Ein Kaffeehausschriftsteller auf Abwegen, Wien anno domini 2022

Gegenwärtig hat es ein Wiener Kaffeehausschriftsteller nicht gerade leicht. Die Auflagen, behördlich angeordnet und streng exekutiert, verbieten ihm, Kaffee und Kuchen an Ort und Stelle zu konsumieren, ja, sie gehen sogar so weit, ihm jeglichen kontemplativen Aufenthalt zu verwehren.

Wie soll er sich da seiner musischen Eingebungen widmen können? Monate sind jetzt durch das Land der Berge, durch das Land am Strome gezogen und keine Besserung in Sicht. Der Schriftsteller mit viel Kaffee, aber keinem dazugehörigen Haus, muss zu einer Entscheidung kommen.

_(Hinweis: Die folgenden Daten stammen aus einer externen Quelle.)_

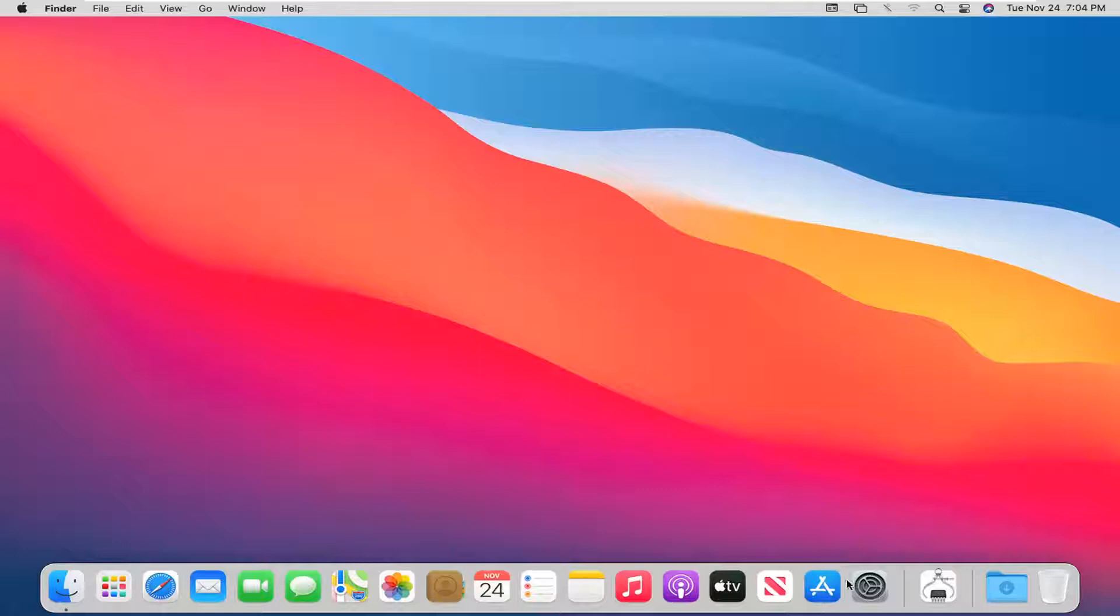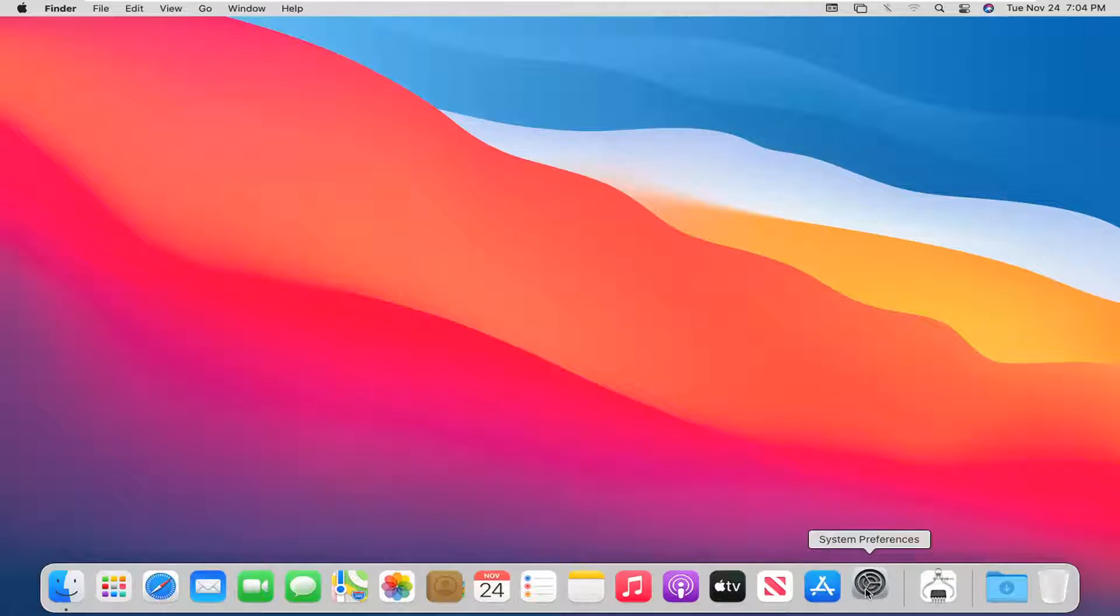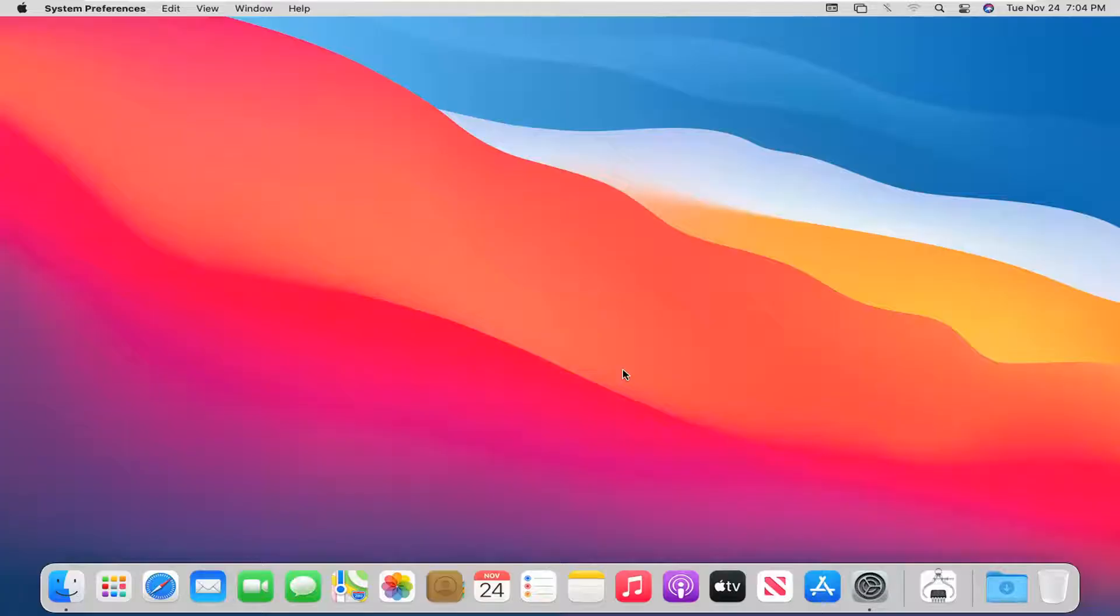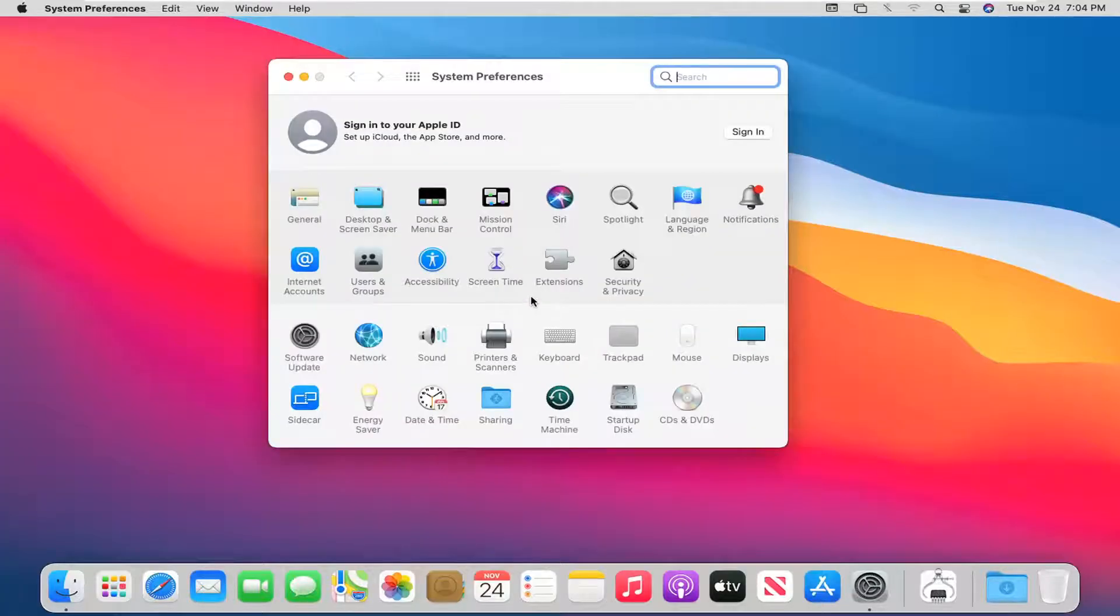So we're going to start off by selecting the System Preferences app from the system dock. Go ahead and left-click on that. Select where it says Notifications.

Auf der einen Seite könnte diese von oben erzwungene Abstinenz den Exilierten in eine geistige Thrombose treiben und dabei Türen und Tore aufstoßen, die besser verschlossen bleiben. Auf der anderen Seite würde der bewusst herbeigeführte Bruch – sei es mit Schläue, sei es mit Chuzpe – mit den ins Totalitäre gehenden und willkürlich festgelegten Direktiven eine Konfrontation mit dem Türhüter zur Folge haben.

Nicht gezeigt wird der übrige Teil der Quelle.